Sat, Sep 22, 2012, 01:00

   

Vagya, a Nepalese and Indian restaurant in the Sunnybank Hotel on Botanic Road, is as hidden as gems get

I’M NOT A curry lover. I might be if I lived in London, where it is a badge of honour to have a secret knowledge of your neighbourhood’s best curry house. But I’ve had too many bad Dublin curries: cartons of brown sludge with questionable meat stewed in fat, salt and spice, with a side of tooth-cracking reheated rice.

The Irish curry scene divides, with some honourable exceptions, into two experiences. There are the impressive restaurants such as Rasam, Kinara Kitchen and Jaipur, where good Indian cooking can be found. And there are the cheaper takeaways, where expectations are as low as the prices.

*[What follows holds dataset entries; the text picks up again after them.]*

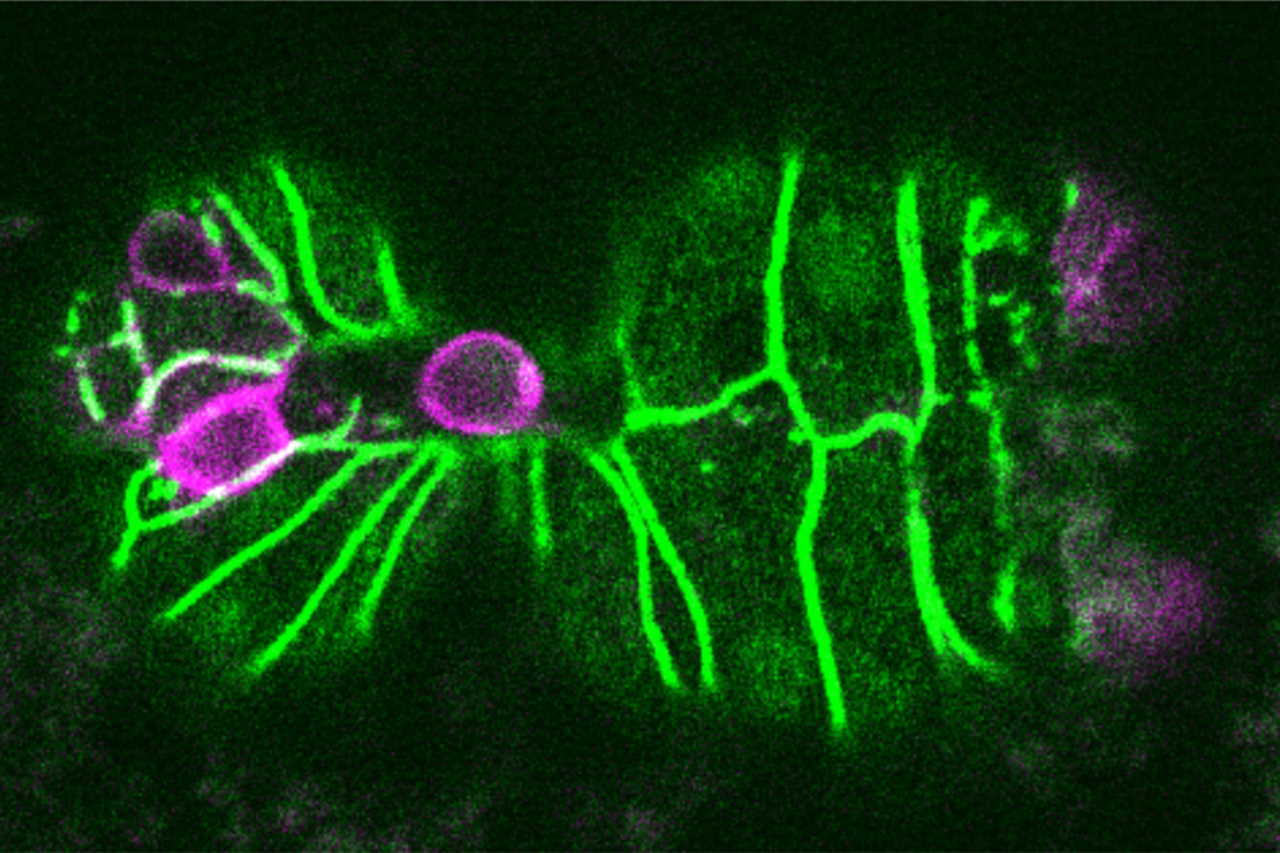 Ембріон C. elegans (зелений) витісняє клітину (рожева в центрі зображення) під час ембріонального розвитку. MIT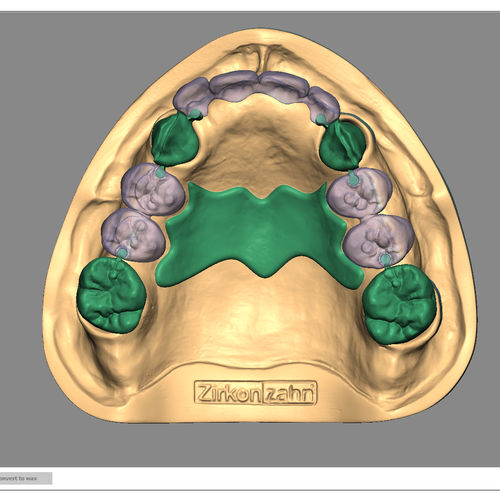 Software de importación - Partial-Planner - Zirkonzahn - de simulación en 3D / de creación de prótesis dentales / para restauración dental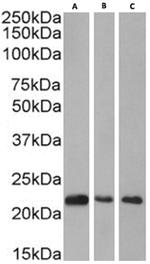 HP1 beta Chimeric Antibody in Western Blot (WB)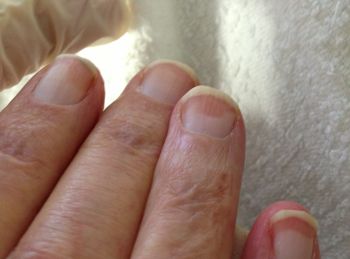 Nie lekceważ tych zmian. Paznokcie mogą ujawniać poważne choroby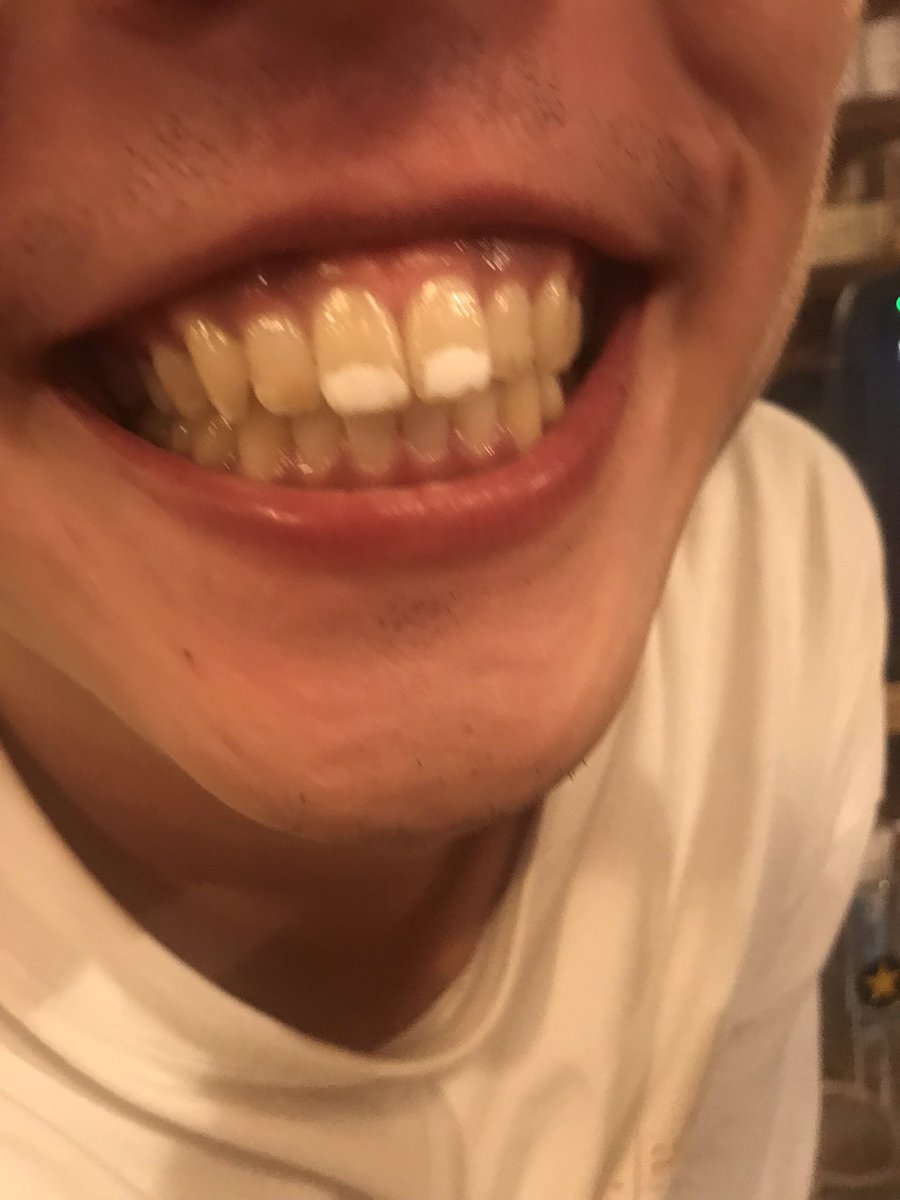 わたなべりょうわたなべ・亮 (@gg9M9KZsdZ0zlS1) / Posts / X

So when friends raved about a great curry house on Dublin’s Botanic Road I was interested. “Wear elastic trousers,” were the parting words from one when I rang to check the name. Vagya is a Nepalese and Indian restaurant in the Sunnybank Hotel, which is an old-fashioned flowery-carpet hotel in which I imagine travelling salesmen unpacking their battered leather suitcases back in the day. The sign outside is barely legible, written in an abstract graphic script. In the hotel car park it’s sardine-can tight and full of unfriendly signs threatening a post-dinner clamping experience. This is as hidden as gems get.

The hostility dissolves inside the restaurant. The dining room is in two interconnecting rooms of this old house, the marble fireplaces have been boarded up and everything is painted sunny yellow. The tablecloths are covered in white paper cloths to catch the spills. There are nice wine glasses and the service is very friendly.

Western versions of Indian food come with heavy ingredients, such as clarified butter, cream and large chunks of meat – the “tikka masala” school of cooking. In 2009 a British MP tabled a motion proposing Glasgow as the EU-protected originator of the tikka masala. It is widely accepted to be a British curry house invention concocted to appeal to a western palate. It contains none of the simple Indian and Nepalese diet staples of lentils, rice and curried vegetables.

In Vagya, the menu has a mix of Nepalese dishes along with the more familiar Indian food we know. All of it is relatively cheap (there’s a €12.90 early bird three-course meal option).

Momo are Nepalese dumplings. By the power of Google I can tell you that in Nepal, momo would traditionally be filled with minced buffalo meat. Here they are filled with minced chicken and served in a generous portion, each topped with a fresh coriander leaf, a tangle of raw carrot that’s been turned into stringy salad, and a piquant dipping sauce. They’re rubbery and tasty.

A tandoori prawn starter is another good portion of blousy tiger prawns, flesh softened by being marinated in yoghurt and lemon juice and then cooked to a tail-singed crisp in a tandoori oven. A third starter of aloo tikki are golden fried spiced potato cakes with a swirl of tamarind and tomato chutney.